The evidence we have revealed today confirms the letter from the Commission signed by Dominique Ristori is not truthful.

The EU has been content to economically damage Indonesia and Malaysia, and harm EU relationships in the region, to placate EU Green and farm lobbies

The Commission – in Trade and Energy – was acutely aware that a RED that discriminated against palm oil would jeopardise FTAs with Indonesia and Malaysia. It was obviously completely prepared to ignore WTO protocols and throw ASEAN agreements under a bus in order to keep palm oil out the European market and keep the unholy alliance of Greens, farmers and bureaucrats happy. The letter states:

“Broader impacts on trade relations could also be expected, notably with regard to the possible adoption by palm oil producing countries of retaliatory measures against EU products or risk jeopardising the negotiations for Free Trade Agreements (FTAs) with Indonesia and Malaysia.”

And for anyone that doubts that the Commission wasn’t anticipating that palm oil would be taken out of the RED, the EU was anticipating that this would happen as late as January 2019. In the Commission’s 2018 agricultural outlook, the demand scenarios rely upon a phasing out of ‘high risk ILUC’ crops for the Renewable Energy Directive, which prompt an increase in domestic rapeseed production. The report describes a clear intention to bar soybean and palm oil from the RED, ahead of any supposedly scientific findings.

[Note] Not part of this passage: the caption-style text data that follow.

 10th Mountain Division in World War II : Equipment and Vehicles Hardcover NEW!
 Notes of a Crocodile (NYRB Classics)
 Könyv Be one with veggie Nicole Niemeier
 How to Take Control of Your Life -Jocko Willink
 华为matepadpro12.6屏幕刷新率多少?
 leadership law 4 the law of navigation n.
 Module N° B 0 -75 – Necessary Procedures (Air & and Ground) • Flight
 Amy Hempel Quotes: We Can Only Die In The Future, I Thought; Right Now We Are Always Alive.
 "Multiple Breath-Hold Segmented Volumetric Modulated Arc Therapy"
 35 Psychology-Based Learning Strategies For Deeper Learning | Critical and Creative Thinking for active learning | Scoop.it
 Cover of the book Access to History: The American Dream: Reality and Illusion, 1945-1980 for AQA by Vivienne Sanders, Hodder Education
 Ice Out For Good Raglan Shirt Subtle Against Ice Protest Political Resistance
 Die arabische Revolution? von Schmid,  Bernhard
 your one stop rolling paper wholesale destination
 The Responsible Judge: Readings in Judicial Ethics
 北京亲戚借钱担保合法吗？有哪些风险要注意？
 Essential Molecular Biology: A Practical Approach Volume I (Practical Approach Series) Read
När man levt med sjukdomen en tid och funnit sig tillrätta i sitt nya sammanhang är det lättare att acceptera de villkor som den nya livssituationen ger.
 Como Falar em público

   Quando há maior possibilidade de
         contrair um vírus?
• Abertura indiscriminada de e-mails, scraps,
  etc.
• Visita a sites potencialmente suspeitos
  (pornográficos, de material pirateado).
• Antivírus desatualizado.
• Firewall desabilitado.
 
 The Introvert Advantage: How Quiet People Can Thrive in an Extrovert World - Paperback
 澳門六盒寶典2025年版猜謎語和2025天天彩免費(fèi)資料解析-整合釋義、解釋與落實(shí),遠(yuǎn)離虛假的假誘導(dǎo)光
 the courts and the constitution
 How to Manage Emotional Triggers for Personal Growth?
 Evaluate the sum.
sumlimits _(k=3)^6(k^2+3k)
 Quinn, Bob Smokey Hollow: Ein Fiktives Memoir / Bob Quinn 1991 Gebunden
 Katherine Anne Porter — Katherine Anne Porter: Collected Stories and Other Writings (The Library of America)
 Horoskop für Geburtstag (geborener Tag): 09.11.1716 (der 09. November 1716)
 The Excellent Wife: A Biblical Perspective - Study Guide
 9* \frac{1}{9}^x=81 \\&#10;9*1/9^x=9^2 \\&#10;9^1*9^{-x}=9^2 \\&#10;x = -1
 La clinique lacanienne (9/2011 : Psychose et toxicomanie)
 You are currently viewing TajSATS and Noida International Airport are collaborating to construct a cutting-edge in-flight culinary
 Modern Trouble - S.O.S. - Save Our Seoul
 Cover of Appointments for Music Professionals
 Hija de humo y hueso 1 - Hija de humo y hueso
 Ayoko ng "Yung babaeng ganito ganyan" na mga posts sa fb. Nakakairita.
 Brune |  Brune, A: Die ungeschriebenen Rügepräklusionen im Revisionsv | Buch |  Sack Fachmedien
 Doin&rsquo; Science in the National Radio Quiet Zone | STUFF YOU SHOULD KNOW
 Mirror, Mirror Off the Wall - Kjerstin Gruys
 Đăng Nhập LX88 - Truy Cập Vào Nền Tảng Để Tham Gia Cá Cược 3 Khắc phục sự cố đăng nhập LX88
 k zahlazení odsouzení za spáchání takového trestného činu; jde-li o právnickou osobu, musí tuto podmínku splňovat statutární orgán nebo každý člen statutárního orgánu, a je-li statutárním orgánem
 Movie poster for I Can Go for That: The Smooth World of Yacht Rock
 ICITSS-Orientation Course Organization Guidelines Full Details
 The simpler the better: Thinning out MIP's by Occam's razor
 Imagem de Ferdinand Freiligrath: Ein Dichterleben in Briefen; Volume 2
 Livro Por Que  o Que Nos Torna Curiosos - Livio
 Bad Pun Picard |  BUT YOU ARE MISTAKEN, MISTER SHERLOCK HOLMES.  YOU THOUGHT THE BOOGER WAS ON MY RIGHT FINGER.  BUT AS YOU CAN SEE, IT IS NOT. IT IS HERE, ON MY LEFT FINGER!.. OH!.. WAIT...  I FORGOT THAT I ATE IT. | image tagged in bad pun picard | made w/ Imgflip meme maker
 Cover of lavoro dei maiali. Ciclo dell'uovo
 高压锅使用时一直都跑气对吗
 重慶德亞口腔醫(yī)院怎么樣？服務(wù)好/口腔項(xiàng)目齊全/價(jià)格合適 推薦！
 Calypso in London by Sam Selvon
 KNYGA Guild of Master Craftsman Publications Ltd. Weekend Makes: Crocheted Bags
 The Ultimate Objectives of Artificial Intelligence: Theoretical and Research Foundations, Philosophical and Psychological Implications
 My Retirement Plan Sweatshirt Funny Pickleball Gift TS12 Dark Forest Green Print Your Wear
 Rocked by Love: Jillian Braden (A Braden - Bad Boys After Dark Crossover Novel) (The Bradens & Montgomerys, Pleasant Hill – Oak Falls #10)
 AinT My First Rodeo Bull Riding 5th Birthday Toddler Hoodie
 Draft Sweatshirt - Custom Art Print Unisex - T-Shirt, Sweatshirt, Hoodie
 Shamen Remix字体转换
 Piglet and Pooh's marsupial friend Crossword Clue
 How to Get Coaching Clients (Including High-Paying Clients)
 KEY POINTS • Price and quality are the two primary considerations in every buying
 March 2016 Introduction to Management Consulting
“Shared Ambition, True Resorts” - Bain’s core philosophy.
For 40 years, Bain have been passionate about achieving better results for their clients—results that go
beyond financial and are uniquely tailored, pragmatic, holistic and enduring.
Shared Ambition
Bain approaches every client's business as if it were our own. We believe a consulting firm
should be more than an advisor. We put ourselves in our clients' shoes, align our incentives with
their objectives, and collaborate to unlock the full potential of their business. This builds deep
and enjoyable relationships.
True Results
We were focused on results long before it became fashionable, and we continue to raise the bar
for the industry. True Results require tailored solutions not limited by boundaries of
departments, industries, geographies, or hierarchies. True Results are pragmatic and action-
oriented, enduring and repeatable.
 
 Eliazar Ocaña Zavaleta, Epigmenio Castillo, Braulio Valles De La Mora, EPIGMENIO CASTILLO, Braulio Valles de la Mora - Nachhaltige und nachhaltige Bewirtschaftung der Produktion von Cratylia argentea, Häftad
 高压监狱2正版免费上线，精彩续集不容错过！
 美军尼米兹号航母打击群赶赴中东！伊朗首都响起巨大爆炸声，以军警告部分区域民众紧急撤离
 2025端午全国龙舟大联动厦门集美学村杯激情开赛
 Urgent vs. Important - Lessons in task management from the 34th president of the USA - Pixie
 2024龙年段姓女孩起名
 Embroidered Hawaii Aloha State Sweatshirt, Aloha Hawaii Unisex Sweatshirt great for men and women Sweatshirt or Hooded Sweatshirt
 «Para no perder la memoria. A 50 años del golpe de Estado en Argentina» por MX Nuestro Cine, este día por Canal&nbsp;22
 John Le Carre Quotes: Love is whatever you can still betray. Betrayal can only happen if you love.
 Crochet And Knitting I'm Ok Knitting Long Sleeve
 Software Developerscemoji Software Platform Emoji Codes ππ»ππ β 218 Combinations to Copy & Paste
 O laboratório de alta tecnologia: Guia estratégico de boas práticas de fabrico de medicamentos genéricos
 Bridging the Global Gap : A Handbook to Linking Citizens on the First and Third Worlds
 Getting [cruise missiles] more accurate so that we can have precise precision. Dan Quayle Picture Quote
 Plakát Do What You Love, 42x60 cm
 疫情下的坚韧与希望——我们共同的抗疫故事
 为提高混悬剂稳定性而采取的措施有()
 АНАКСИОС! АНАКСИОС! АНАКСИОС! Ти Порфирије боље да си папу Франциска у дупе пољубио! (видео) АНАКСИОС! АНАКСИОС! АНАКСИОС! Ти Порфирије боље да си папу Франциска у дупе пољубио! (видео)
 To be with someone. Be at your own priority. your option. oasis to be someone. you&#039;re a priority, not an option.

But what wasn’t anticipated was President Juncker’s last-minute intervention in order to keep soybean inside the RED tent.


The legal advice from DG Trade to DG Energy makes one point clear: the EU knew that what it was attempting to do – take palm oil out of the EU renewables market – would flout WTO rules. It also knew that it would severely disrupt the trade and diplomatic relationships with Malaysia and Indonesia. The EU has made it clear that it thinks this is a reasonable price to pay.

The lesson for exporters – Indonesia and Malaysia – is that this was no accident, and that the EU had intended this all along. Scientific and technical arguments are irrelevant. This is post-truth trade policy.

It’s reasonably clear that the EU will lose the WTO case. That may not matter to European officials as the decision takes years to wash through.

Most of all, these documents expose the fiction that EU Ambassadors and others are spreading inside ASEAN capitals: pretending that there isn’t a palm oil ban, and that the EU is really a friend. Falling for their misinformation is even worse.